The sensor drive circuit starts accumulating charge in the sensor in response to a sensor charge accumulation start signal sent from the SCPU 202, completes accumulation of charge in the sensor when the charge accumulation level of the sensor becomes a certain level, and communicates completion of accumulation to the SCPU 202 over the data bus DBUS2 through serial transmission. The SCPU 202 in turn reads a sensor signal and communicates it to the drive circuit. This causes the sensor drive circuit to output a sensor driving signal to the line sensor. The SCPU 202 can, therefore, read a signal produced with the charge accumulated in the line sensor. The SCPU 202 then converts the read signal into a digital form synchronously with the sensor driving signal, and judges from the digitized image signal, according to a known phase-difference detecting method, whether or not the photography lens is focused on an object.
Incidentally, power is supplied from a power source B, which is a second power line, to the SCPU 202, strobe light control circuit 209, and focus detecting circuit 210, respectively.

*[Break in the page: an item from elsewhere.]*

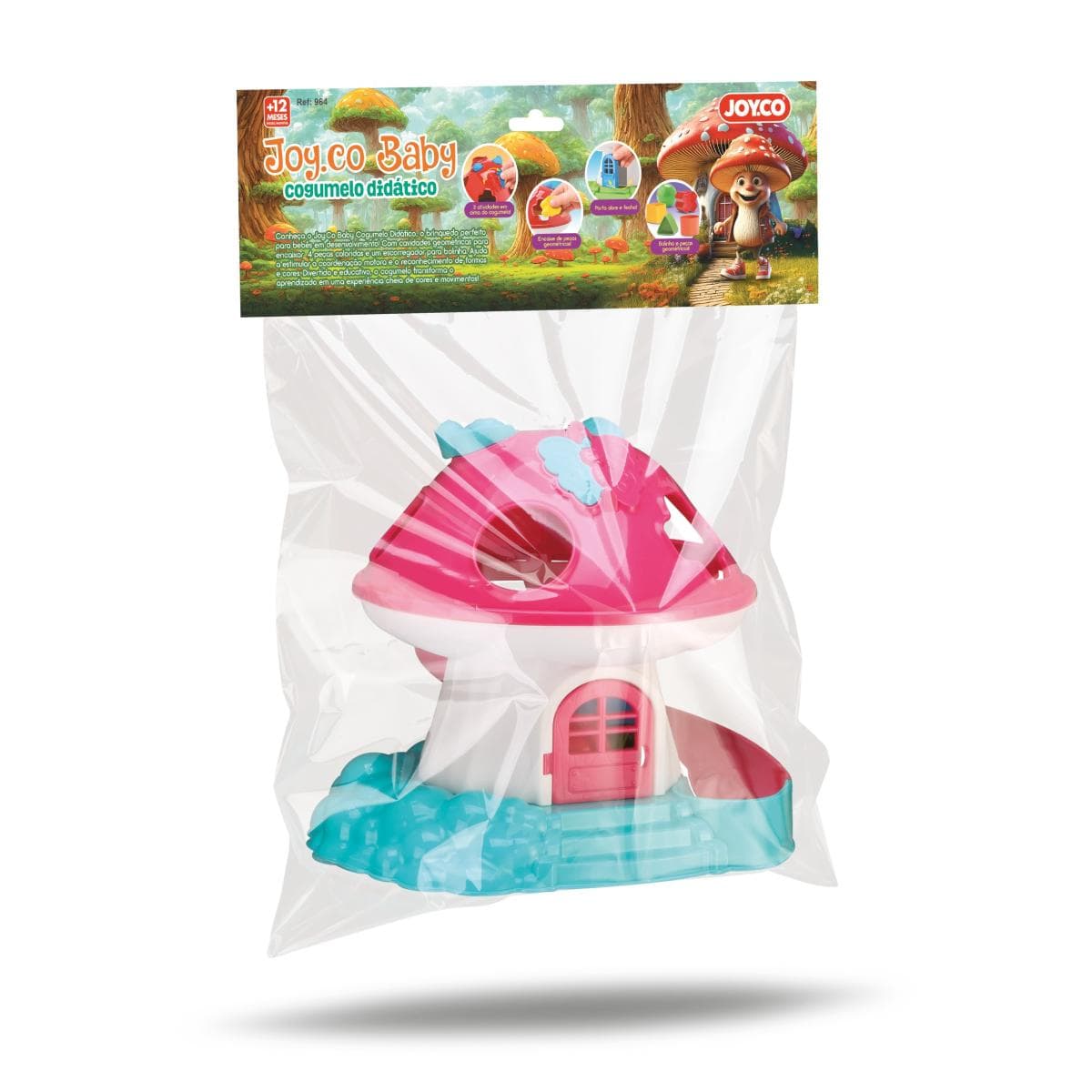 Joy.Co Baby Cogumelo Didático Rosa Solapa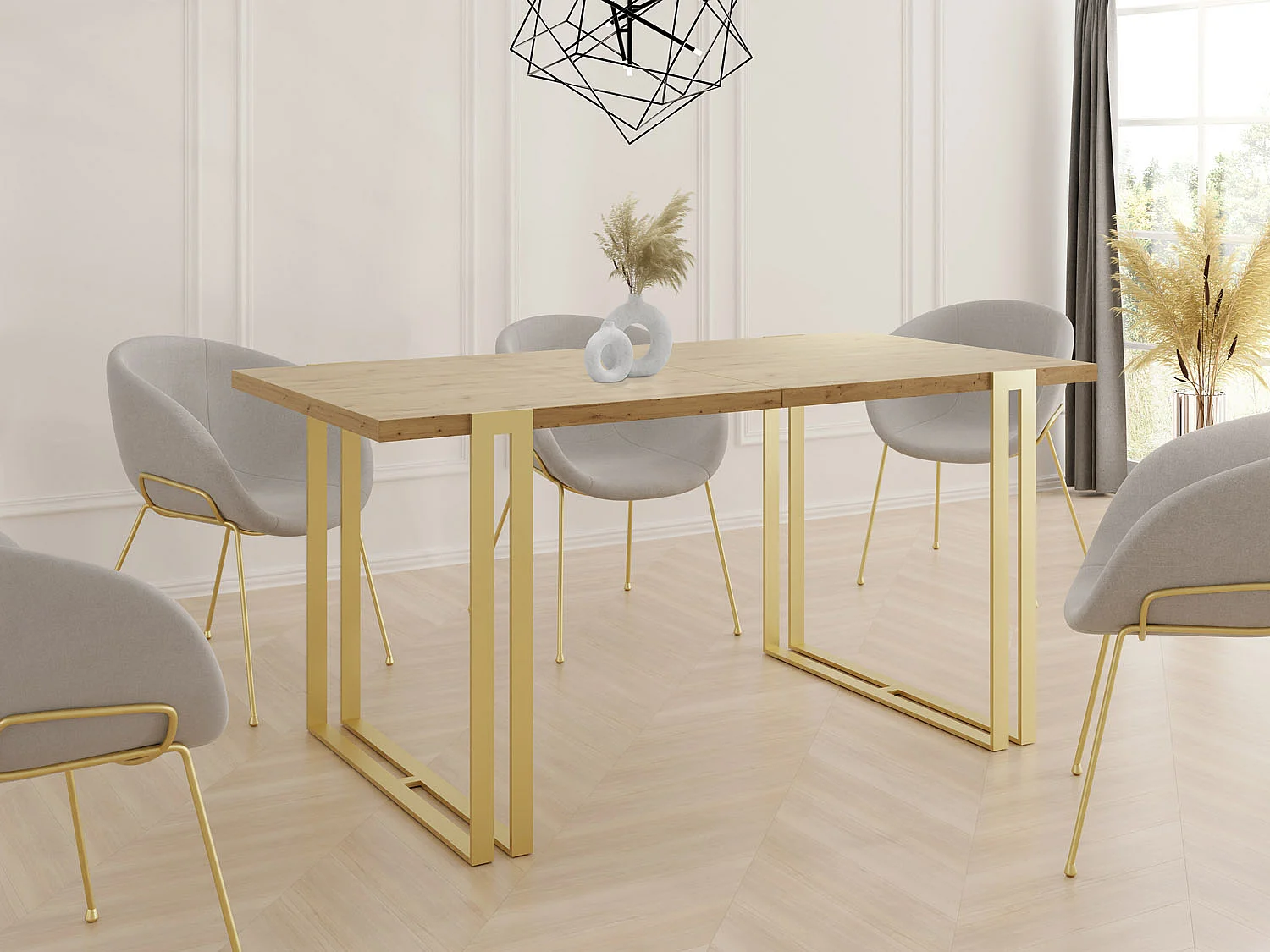 Ausziehbarer Esstisch - Großer Tisch im Loft-Stil mit Golden Metallbeinen 160 bis 260 cm - Industrietisch für das Wohnzimmer - Artisan Eiche - 160 x 90 cm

Communication between the MCPU 201 and SCPU 202 is achieved through serial transmission over the data bus DBUS2 in such a way that the MCPU 201 first sends an MCOM signal, which is a communication request signal, to the SCPU 202.
There is shown a power circuit 211 for supplying power to the power sources A and B in proportion to the voltage of a cell. Power is always supplied to the power source A. However, power supply to the power source B is controlled according to a control (CTL) signal sent from the MCPU 201.
In known electronic equipment, such as a camera, having the foregoing components, a plurality of CPUs are used to control various operations of the equipment. In this kind of electronic equipment, power supply to the CPUs is often controlled in an effort to save energy. A communication line over which a group to which power is supplied from the power source A communicates with another group is the data bus DBUS1, and a communication line over which a group to which power is supplied from the power source B communicates with another group is the data bus DBUS2. Thus, a communication line is provided for each power supply system. By disconnecting the power source B, a high-level voltage is prevented from being applied to a terminal connected on the data bus DBUS2. Thus, current is prevented from flowing into the power source B.
However, when a communication line or signal line is provided for each power supply system, the following problems arise:
1) The number of pins of an IC employed must be large. This invites an increase in the size of the equipment. PA1 2) The circuitry including numerous special lines, such as communication lines, cannot be adapted to general-purpose equipment. This increases cost.